> What needs to be done
With the pictures removed, please write out every line below exactly as given.

> Data
· · ·

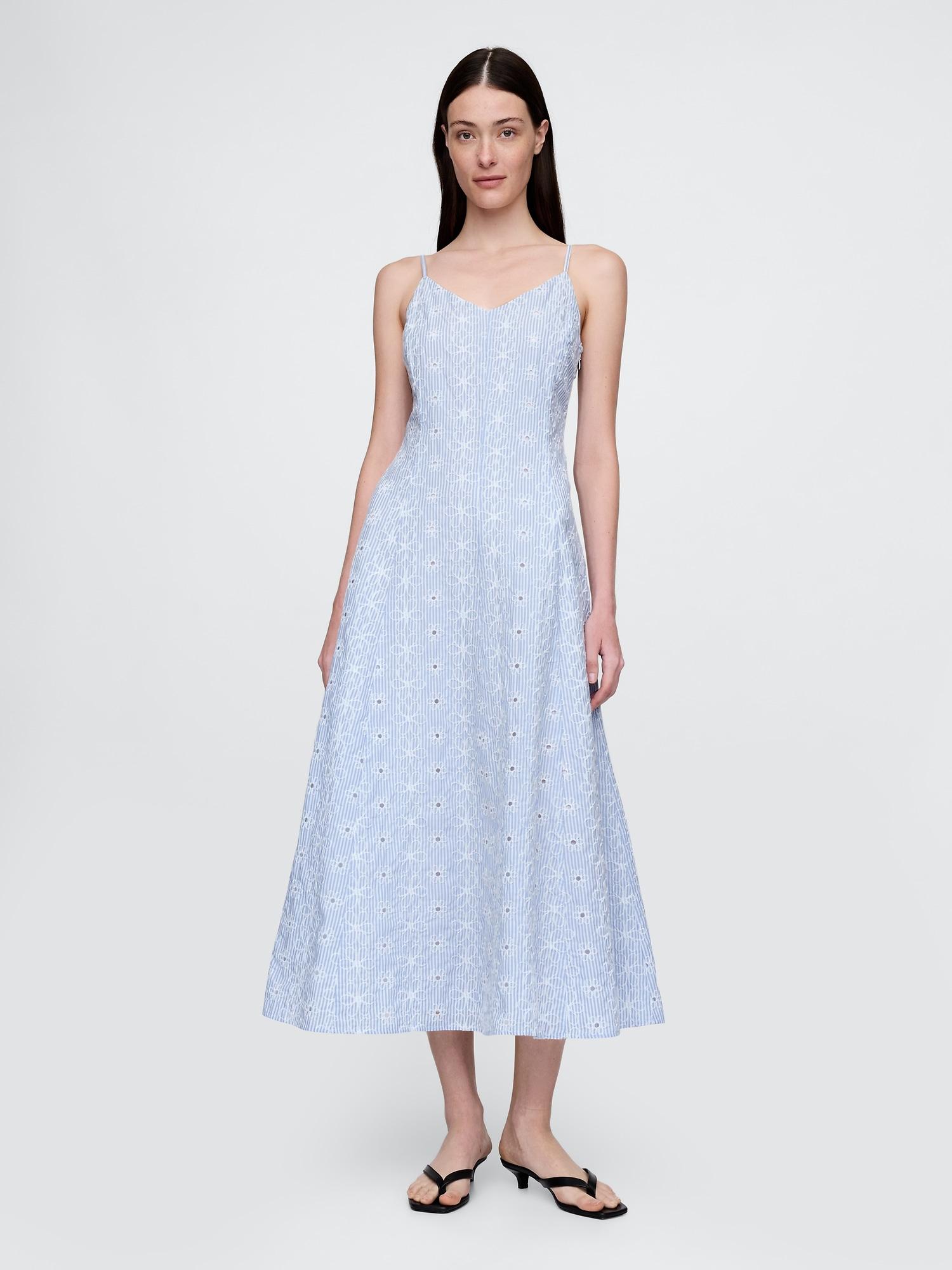 eyelet v-neck midi dress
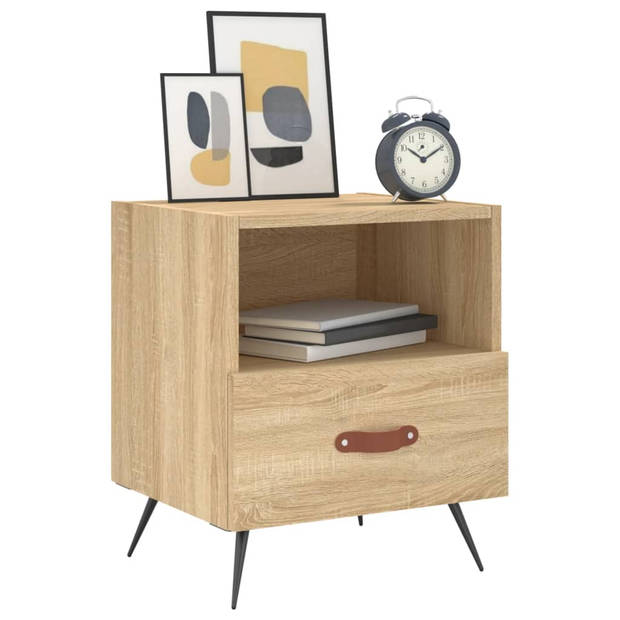 vidaXL Nachtkastjes 2 st 40x35x47,5 cm bewerkt hout sonoma eikenkleur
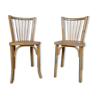 Pair of chairs Baumann bistro troquet wooden bohemian Scandinavian style - 1950 - vintage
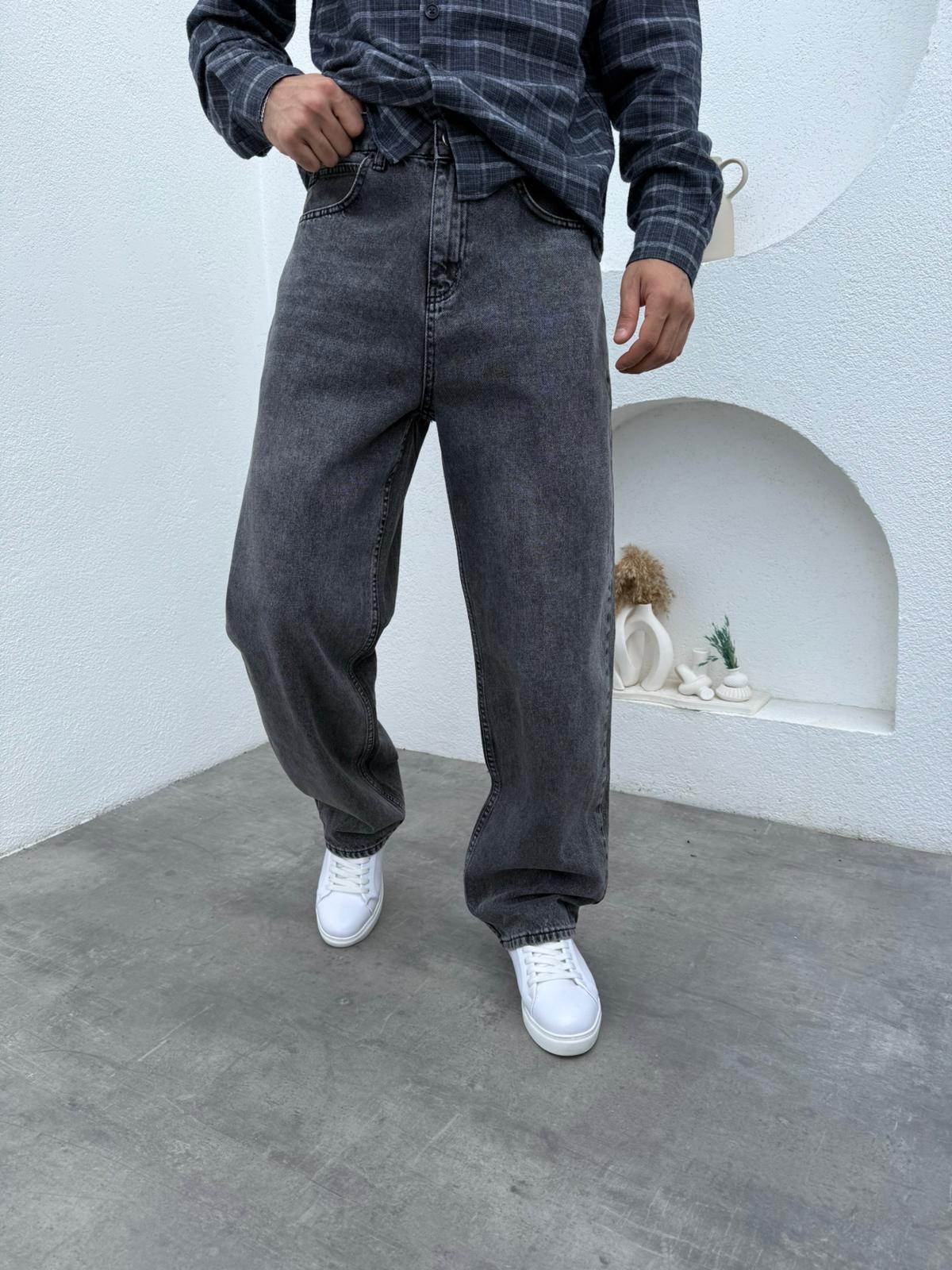 Pound Baskı Gömlek- Süper Baggy Jean Takım Antrasit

· · ·

> Output for this task
 eyelet v-neck midi dress
 vidaXL Nachtkastjes 2 st 40x35x47,5 cm bewerkt hout sonoma eikenkleur
 Pair of chairs Baumann bistro troquet wooden bohemian Scandinavian style - 1950 - vintage
 Pound Baskı Gömlek- Süper Baggy Jean Takım Antrasit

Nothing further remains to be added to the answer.